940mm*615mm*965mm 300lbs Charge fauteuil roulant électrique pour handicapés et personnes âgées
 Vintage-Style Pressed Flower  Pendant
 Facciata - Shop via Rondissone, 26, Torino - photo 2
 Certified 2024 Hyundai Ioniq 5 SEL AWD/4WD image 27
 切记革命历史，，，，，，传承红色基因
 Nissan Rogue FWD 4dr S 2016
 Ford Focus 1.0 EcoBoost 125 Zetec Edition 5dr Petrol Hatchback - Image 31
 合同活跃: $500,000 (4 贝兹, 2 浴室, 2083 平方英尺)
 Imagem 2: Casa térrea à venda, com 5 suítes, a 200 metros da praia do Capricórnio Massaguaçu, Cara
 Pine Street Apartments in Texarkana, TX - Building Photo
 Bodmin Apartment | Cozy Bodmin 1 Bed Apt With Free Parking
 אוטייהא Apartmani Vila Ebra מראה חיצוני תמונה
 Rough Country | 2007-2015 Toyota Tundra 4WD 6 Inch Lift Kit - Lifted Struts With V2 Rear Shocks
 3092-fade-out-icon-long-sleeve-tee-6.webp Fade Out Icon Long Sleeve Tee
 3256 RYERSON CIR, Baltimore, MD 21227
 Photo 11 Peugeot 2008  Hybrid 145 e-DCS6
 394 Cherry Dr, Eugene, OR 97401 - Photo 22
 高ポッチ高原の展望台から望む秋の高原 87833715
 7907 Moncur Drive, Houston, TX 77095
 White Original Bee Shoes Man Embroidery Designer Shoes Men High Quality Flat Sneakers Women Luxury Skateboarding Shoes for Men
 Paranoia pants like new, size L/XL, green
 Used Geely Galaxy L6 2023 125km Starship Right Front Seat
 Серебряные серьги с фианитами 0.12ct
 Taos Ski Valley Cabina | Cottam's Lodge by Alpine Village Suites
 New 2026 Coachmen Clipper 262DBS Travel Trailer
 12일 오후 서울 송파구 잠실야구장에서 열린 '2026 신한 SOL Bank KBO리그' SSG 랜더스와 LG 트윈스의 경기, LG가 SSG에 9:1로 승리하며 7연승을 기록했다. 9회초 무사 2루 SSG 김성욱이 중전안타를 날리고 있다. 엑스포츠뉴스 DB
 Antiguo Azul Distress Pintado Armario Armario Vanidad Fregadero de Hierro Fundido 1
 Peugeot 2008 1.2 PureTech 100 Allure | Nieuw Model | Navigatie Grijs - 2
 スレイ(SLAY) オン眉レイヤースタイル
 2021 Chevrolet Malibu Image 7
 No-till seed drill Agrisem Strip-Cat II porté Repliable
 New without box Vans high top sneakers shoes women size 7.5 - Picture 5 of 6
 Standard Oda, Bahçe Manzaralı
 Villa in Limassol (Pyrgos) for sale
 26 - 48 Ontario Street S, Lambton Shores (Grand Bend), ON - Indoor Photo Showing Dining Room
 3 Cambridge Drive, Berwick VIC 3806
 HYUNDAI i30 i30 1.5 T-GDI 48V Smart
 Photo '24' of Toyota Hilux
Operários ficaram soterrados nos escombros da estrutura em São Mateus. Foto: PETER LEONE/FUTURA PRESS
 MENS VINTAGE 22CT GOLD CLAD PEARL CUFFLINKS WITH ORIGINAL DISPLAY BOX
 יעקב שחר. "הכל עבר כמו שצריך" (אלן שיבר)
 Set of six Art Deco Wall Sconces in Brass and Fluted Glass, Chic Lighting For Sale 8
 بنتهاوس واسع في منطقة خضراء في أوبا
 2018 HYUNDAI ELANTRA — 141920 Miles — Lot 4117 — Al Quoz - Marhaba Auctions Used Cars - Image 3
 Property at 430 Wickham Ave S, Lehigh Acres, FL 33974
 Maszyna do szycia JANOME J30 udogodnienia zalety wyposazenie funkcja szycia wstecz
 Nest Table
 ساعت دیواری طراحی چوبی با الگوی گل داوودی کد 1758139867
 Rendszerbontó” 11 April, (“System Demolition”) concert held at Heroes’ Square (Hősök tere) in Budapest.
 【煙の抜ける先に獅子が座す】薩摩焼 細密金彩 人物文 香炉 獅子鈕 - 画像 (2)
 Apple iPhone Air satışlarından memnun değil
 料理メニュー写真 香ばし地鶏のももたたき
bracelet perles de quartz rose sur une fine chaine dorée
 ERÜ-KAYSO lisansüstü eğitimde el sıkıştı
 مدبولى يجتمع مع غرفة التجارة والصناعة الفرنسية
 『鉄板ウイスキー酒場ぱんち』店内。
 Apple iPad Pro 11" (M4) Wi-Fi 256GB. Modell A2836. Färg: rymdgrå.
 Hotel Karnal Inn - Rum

■ INSTRUCTIONS FOR THE TASK ■
Lines from the start of the records through the one containing "3256 RYERSON CIR, Baltimore, MD 21227" are what should be retyped, exactly and in full, both ends included.

■ PROBLEM SOLUTION ■
940mm*615mm*965mm 300lbs Charge fauteuil roulant électrique pour handicapés et personnes âgées
 Vintage-Style Pressed Flower  Pendant
 Facciata - Shop via Rondissone, 26, Torino - photo 2
 Certified 2024 Hyundai Ioniq 5 SEL AWD/4WD image 27
 切记革命历史，，，，，，传承红色基因
 Nissan Rogue FWD 4dr S 2016
 Ford Focus 1.0 EcoBoost 125 Zetec Edition 5dr Petrol Hatchback - Image 31
 合同活跃: $500,000 (4 贝兹, 2 浴室, 2083 平方英尺)
 Imagem 2: Casa térrea à venda, com 5 suítes, a 200 metros da praia do Capricórnio Massaguaçu, Cara
 Pine Street Apartments in Texarkana, TX - Building Photo
 Bodmin Apartment | Cozy Bodmin 1 Bed Apt With Free Parking
 אוטייהא Apartmani Vila Ebra מראה חיצוני תמונה
 Rough Country | 2007-2015 Toyota Tundra 4WD 6 Inch Lift Kit - Lifted Struts With V2 Rear Shocks
 3092-fade-out-icon-long-sleeve-tee-6.webp Fade Out Icon Long Sleeve Tee
 3256 RYERSON CIR, Baltimore, MD 21227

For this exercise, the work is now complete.